E1: `(false ? 1.0f : null)`
    - arg 2 '1.0f'           : type float,
    - arg 3 'null'           : type null 
    - therefore operator ?:  : type Float (see explanation below)
    - therefore autobox arg2
    - therefore autobox arg3

E2: `(false ? 1.0f : (false ? 1.0f : null))`
    - arg 2 '1.0f'                    : type float
    - arg 3 '(false ? 1.0f : null)'   : type Float (this expr is same as E1)
    - therefore, outer operator ?:    : type float (see explanation below)
    - therefore un-autobox arg3

Detailed Explanation:

Here's my understand from reading through the spec and working backwards from the result you got. It comes down to the type of the third operand of the f2 inner conditional is null type while the type of the third operand of the f2 outer conditional is deemed to be Float.

Note: Its important to remember that the determination of type and the insertion of boxing/unboxing code is done at compile-time. Actual execution of boxing/unboxing code is done at run-time.

Float f1 = (false ? 1.0f : null);
Float f2 = (false ? 1.0f : (false ? 1.0f : null));

The f1 conditional and the f2 inner conditional: (false ? 1.0f : null)
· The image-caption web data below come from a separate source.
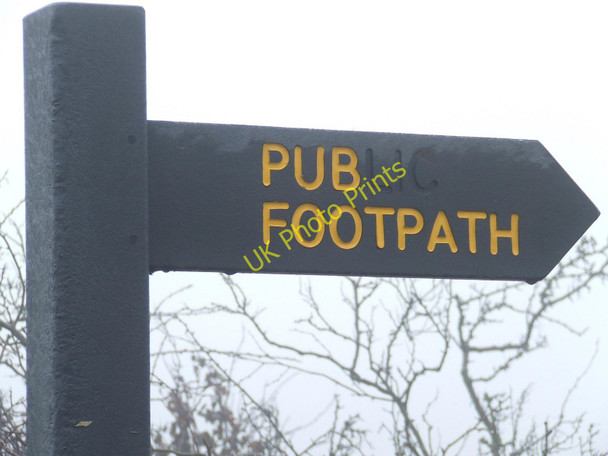 Photo 6"x4" Pub Footpath Bradfield\/TM1430 c2010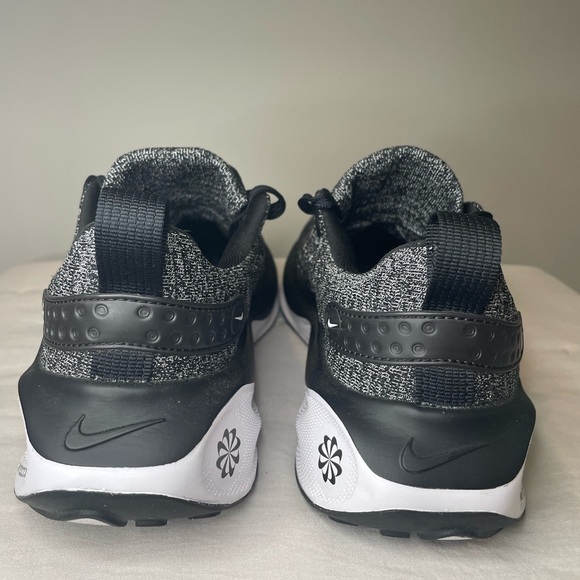 InfinityRN 4 Black /Grey Knit 👟 - Picture 3 of 11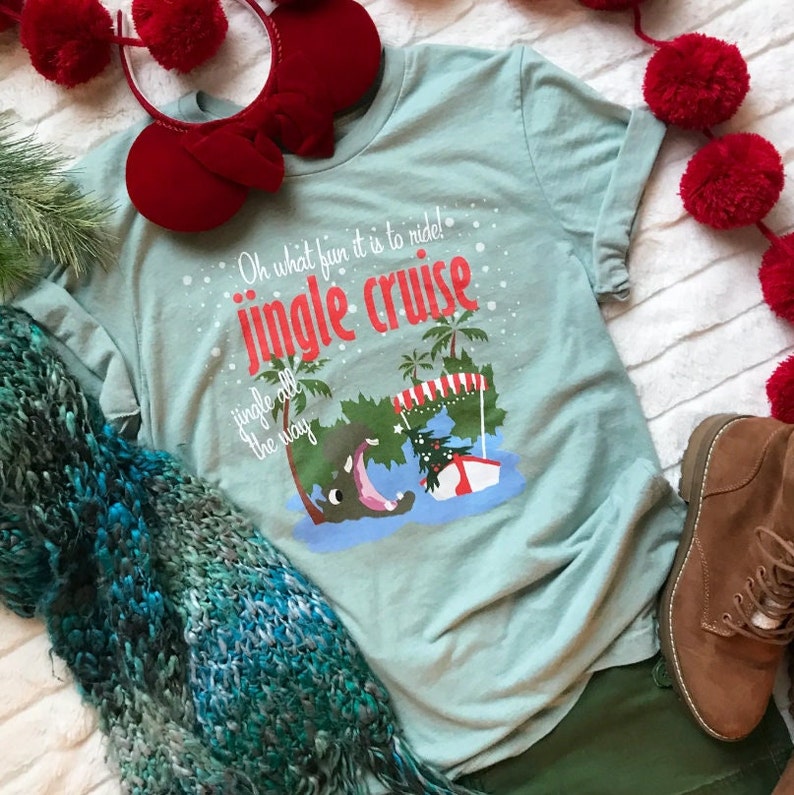 Jingle Cruise Hippo T-Shirt Disney Christmas Jungle Cruise Christmas T-Shirt 画像 1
The f1 conditional and the f2 inner conditional are identical: (false ? 1.0f : null). The operand types in the f1 conditional and the f2 inner conditional are:

type of second operand = float
type of third operand = null type (§4.1)

Most of the rules in §15.25 are passed up and this final evaluation is indeed applied:

Otherwise, the second and third operands are of types S1 and S2 respectively. Let T1 be the type that results from applying boxing conversion to S1, and let T2 be the type that results from applying boxing conversion to S2. The type of the conditional expression is the result of applying capture conversion (§5.1.10) to lub(T1, T2) (§15.12.2.7).

S1 = float
S2 = null type
T1 = Float
T2 = null type
type of the f1 and f2 inner conditional expressions = Float

Since for f1, the assignment is to a Float reference variable, the result of the expression (null) is successfully assigned.

For f2 outer conditional: (false ? 1.0f : [f2 inner conditional])
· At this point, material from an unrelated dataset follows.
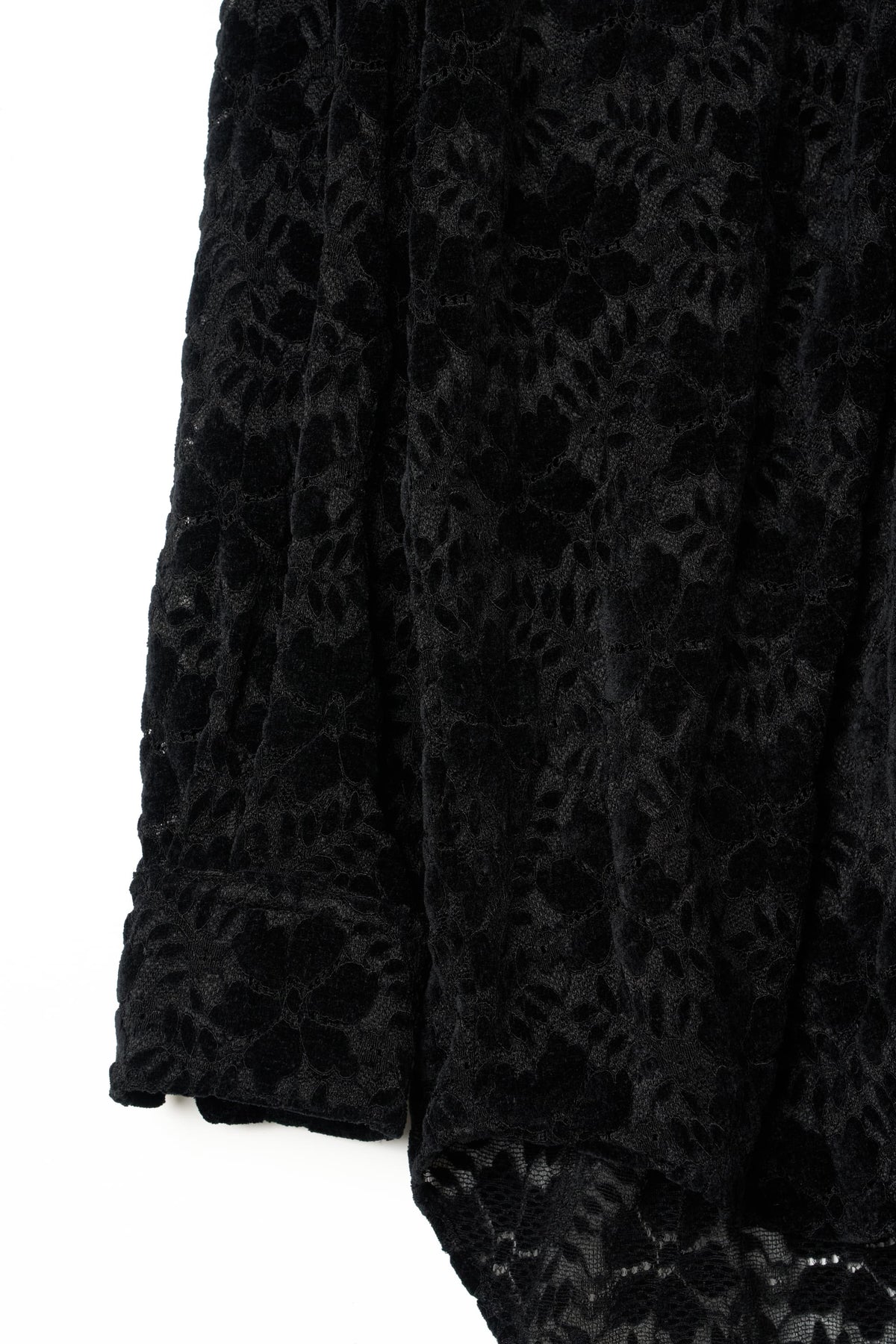 over lace shirt/black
For the f2 outer conditional, the types are:

type of second operand = float
type of third operand = Float

Note the difference in operand types compared to the f1/f2 inner conditionals that reference the null literal directly (§4.1). Because of this difference of having 2 numeric-convertible types, this rule from §15.12.2.7 applies:

  • Otherwise, if the second and third operands have types that are convertible (§5.1.8) to numeric types, then there are several cases: ...

    • Otherwise, binary numeric promotion (§5.6.2) is applied to the operand types, and the type of the conditional expression is the promoted type of the second and third operands. Note that binary numeric promotion performs unboxing conversion (§5.1.8) and value set conversion (§5.1.13).

Because of the unboxing conversion performed on the result of the f2 inner conditional (null), a NullPointerException is raised.

Solution 2:

I think rewriting the code makes the explanation clearer:

    float f = 1.0f;

    Float null_Float  = false?        f  : null;       // float + null  -> OK
    Float null_Float2 = false? (Float)f  : null_Float; // Float + Float -> OK
    Float npe         = false?        f  : null_Float; // float + Float -> NPE

Thus the NPE is when we try to do something like:

Float npe = false? 1.0f : (Float)null;

Solution 3:

The following will throw a NPE as you attempt assign a null to a primitive

    float f1 = false ? 1.0f: null;

That I believe is whats causing the NPE in the second statement. Because the first ternary returns a float for true it attempts to convert the false to a float as well.

The first statement will not convert to null as the required result is a Float

This for example this would not throw a NPE as its no longer needs to convert to primitive

    Float f = false? new Float(1.0f): true ? null : 1.0f;

Solution 4:

To be or not to be, that is the question. :)

Edit: Actually, looking closer it seems that this case is actually a mix between the Hamlet (ternary operator and wrapped integral types) and the Elvis (auto-unboxing null) puzzlers. In any case, I can only recommend watching the video, it is very educational and enjoyable.